Collected data entries
________________________

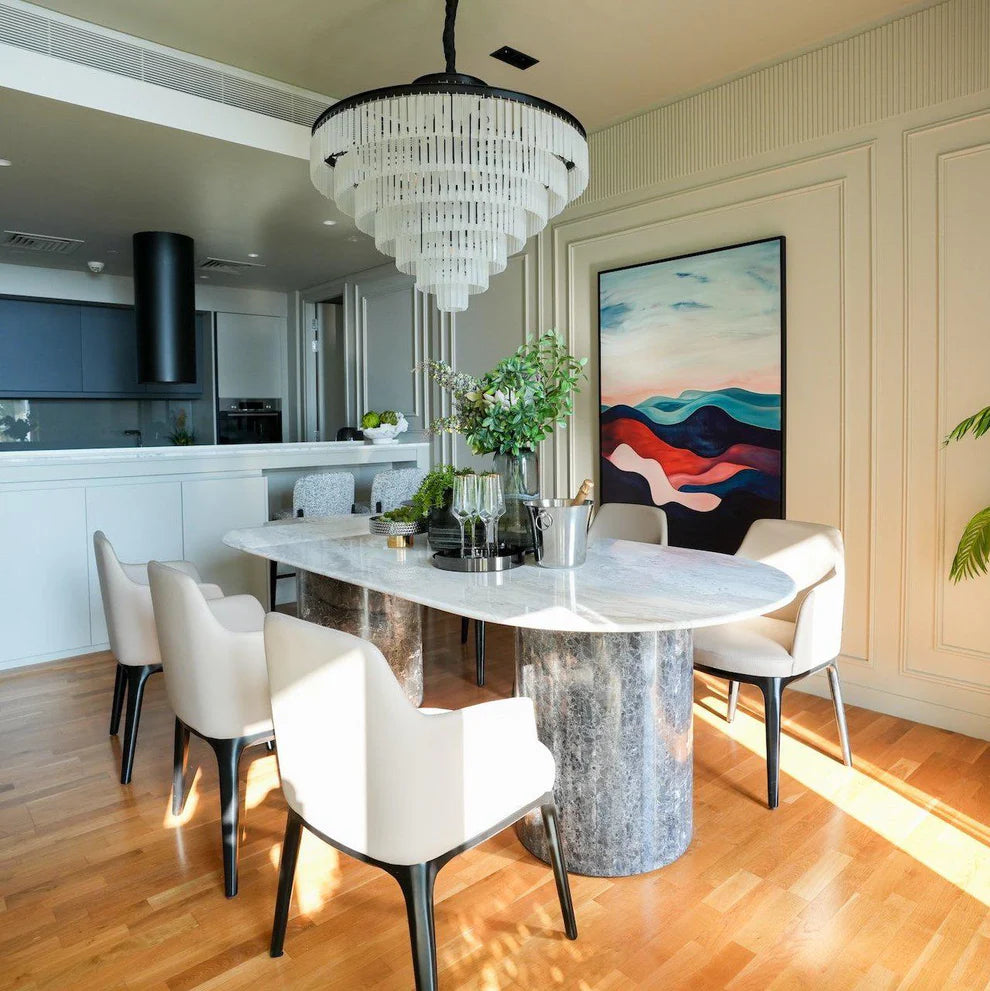 Impero Two Tone Marble Dining Table-GCC Home Center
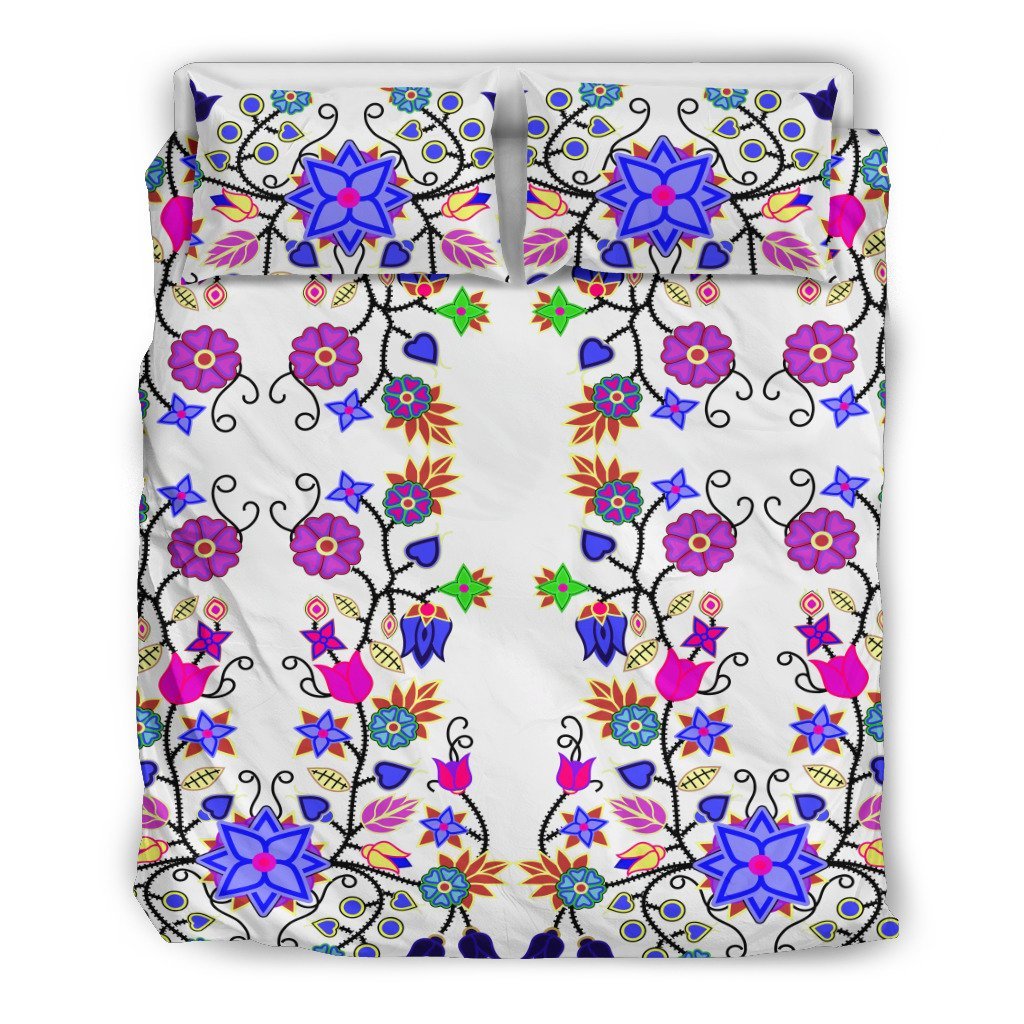 Floral Beadwork even Clans White 3D Customized Duvet Cover Bedding Sets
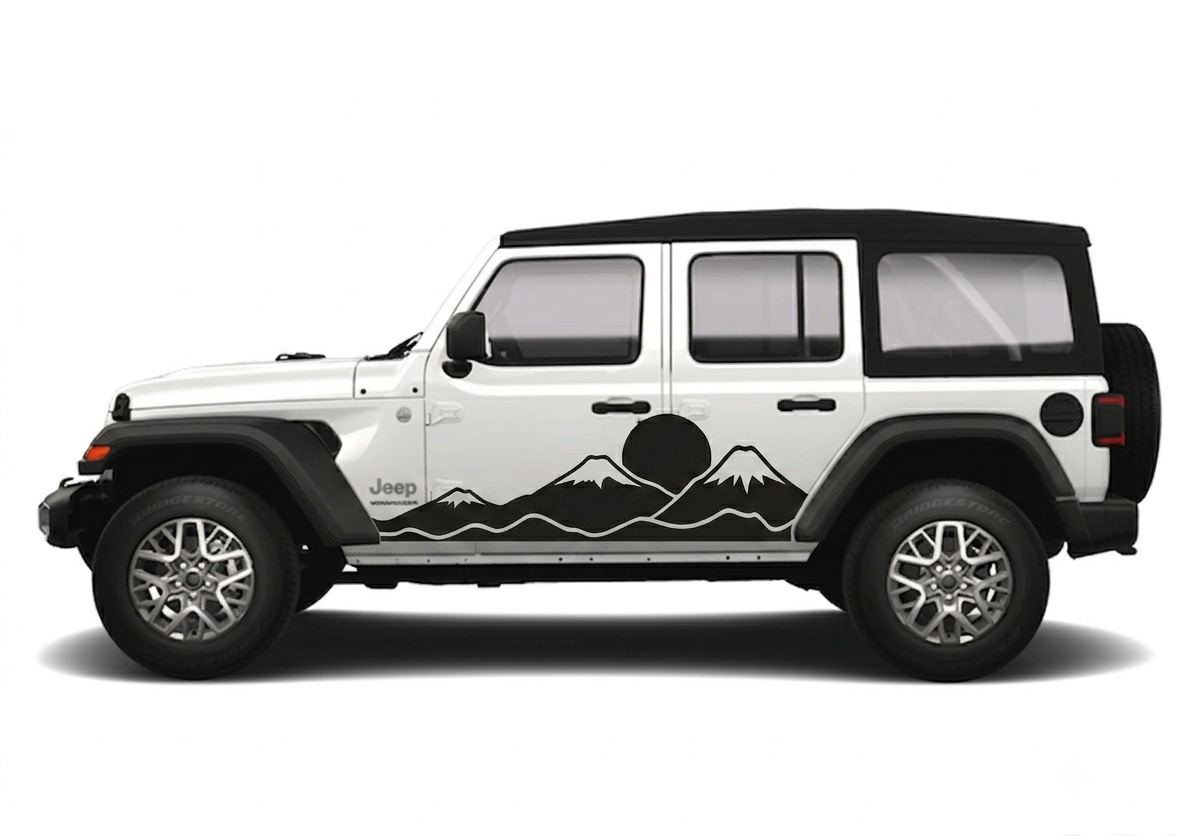 A white Jeep Wrangler with a black mountain and sun graphic decal applied along the side, shown in profile against a plain white background.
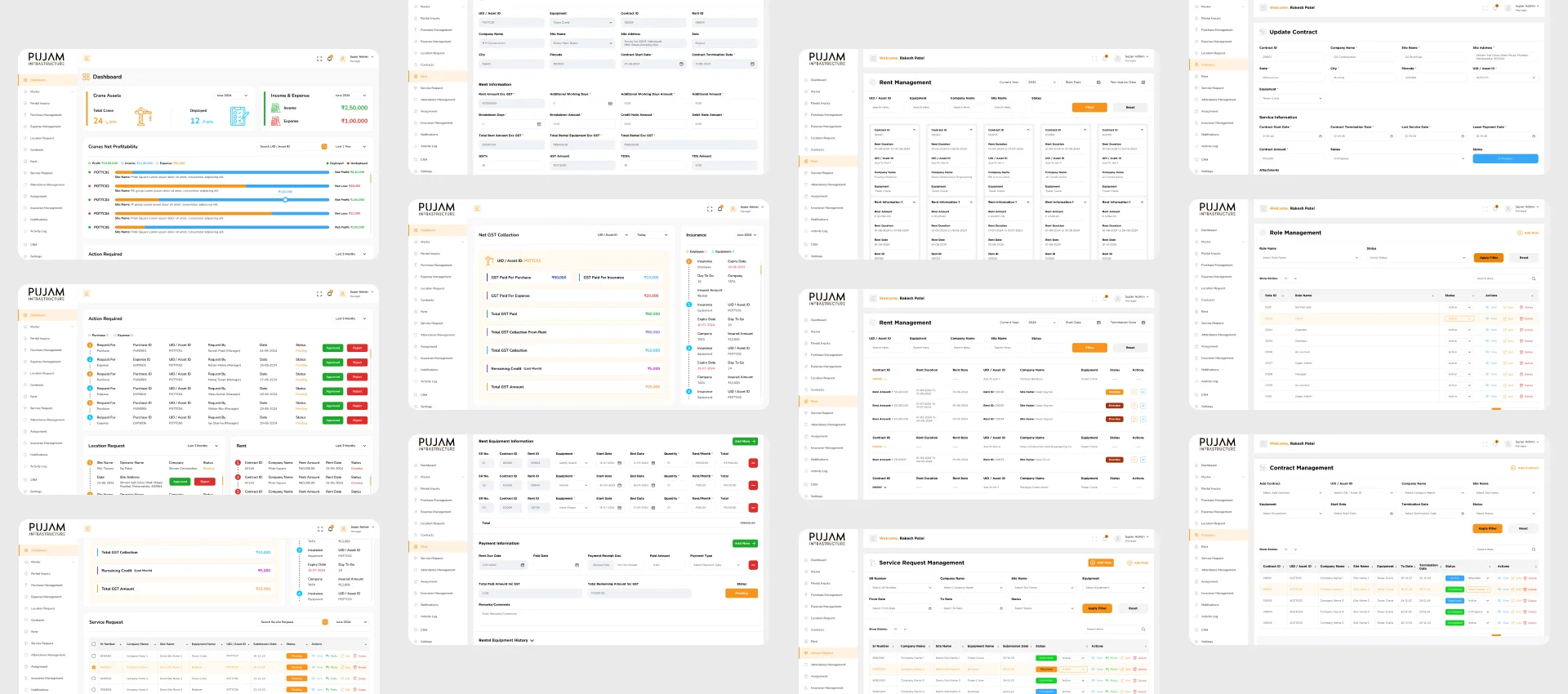 Pujam equipment rental ERP dashboard - "Stay Focused" interface screen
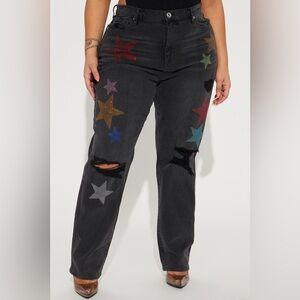 Y2K Rhinestone Star Jeans ✨ Pop Star / McBling Aesthetic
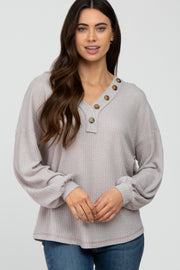 Grey Waffle Knit Button Accent Top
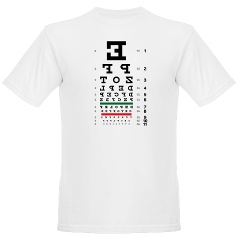 Eye chart with backwards letters organic men's T-shirt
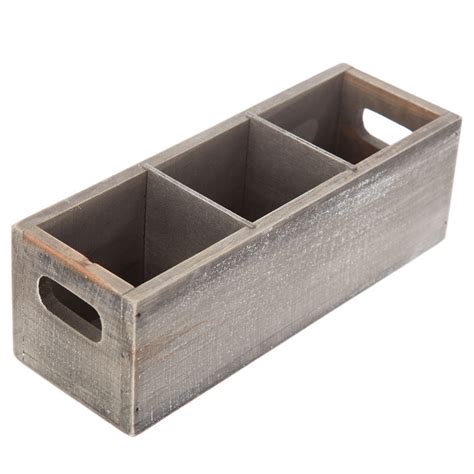 Small Gray Wood Crate With Dividers | Hobby Lobby | 1300003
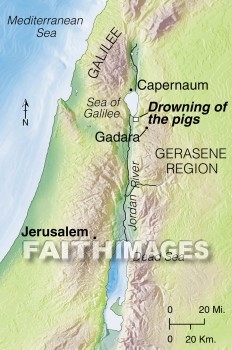 Capernaum, sea, Galilee, gerasenes, Gadara, Jesus, geography, topography, map, seas, geographies, maps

________________________

> Exercise: Each record above, in full: return it exactly, pictures excluded.

> Result of the exercise:
 Impero Two Tone Marble Dining Table-GCC Home Center
 Floral Beadwork even Clans White 3D Customized Duvet Cover Bedding Sets
 A white Jeep Wrangler with a black mountain and sun graphic decal applied along the side, shown in profile against a plain white background.
 Pujam equipment rental ERP dashboard - "Stay Focused" interface screen
 Y2K Rhinestone Star Jeans ✨ Pop Star / McBling Aesthetic
 Grey Waffle Knit Button Accent Top
 Eye chart with backwards letters organic men's T-shirt
 Small Gray Wood Crate With Dividers | Hobby Lobby | 1300003
 Capernaum, sea, Galilee, gerasenes, Gadara, Jesus, geography, topography, map, seas, geographies, maps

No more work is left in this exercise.